■ Your assignment:
Your task is to repeat the entries underneath exactly, minus the pictures.

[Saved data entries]
*** Block opens ***

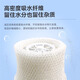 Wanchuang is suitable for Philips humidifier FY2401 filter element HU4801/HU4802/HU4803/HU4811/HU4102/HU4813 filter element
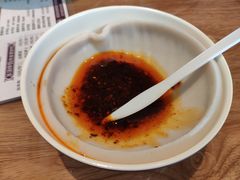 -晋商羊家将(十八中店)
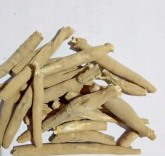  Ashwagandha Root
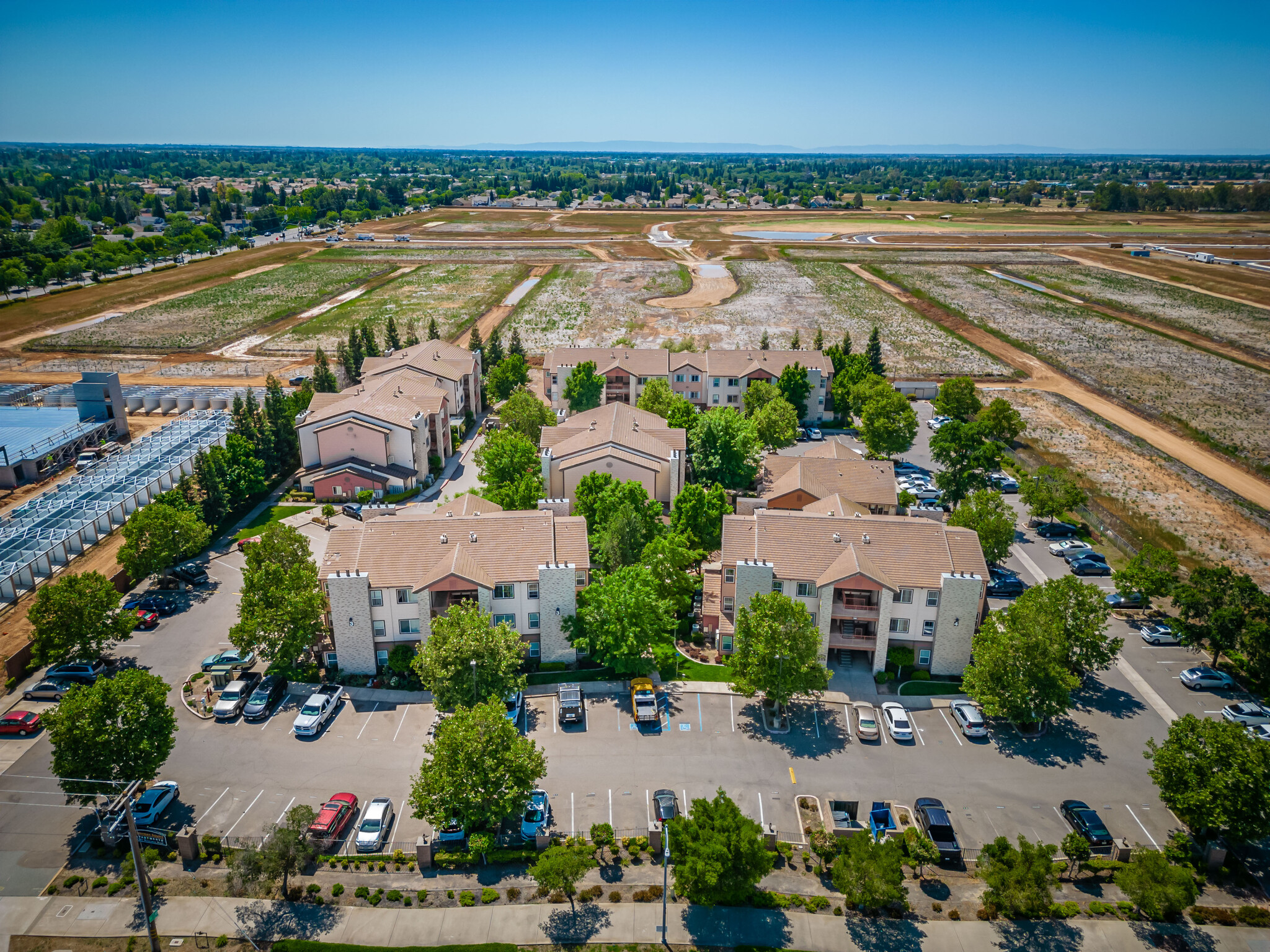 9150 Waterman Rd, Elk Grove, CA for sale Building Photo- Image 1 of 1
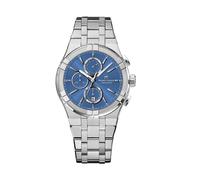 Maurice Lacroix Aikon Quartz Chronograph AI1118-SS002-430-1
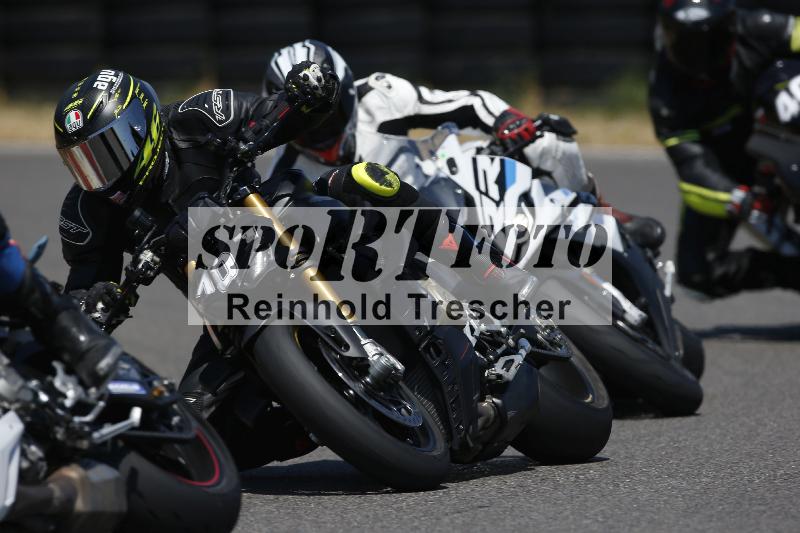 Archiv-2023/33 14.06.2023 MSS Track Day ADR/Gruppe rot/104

*** Block closes ***

■ Worked solution:
 Wanchuang is suitable for Philips humidifier FY2401 filter element HU4801/HU4802/HU4803/HU4811/HU4102/HU4813 filter element
 -晋商羊家将(十八中店)
  Ashwagandha Root
 9150 Waterman Rd, Elk Grove, CA for sale Building Photo- Image 1 of 1
 Maurice Lacroix Aikon Quartz Chronograph AI1118-SS002-430-1
 Archiv-2023/33 14.06.2023 MSS Track Day ADR/Gruppe rot/104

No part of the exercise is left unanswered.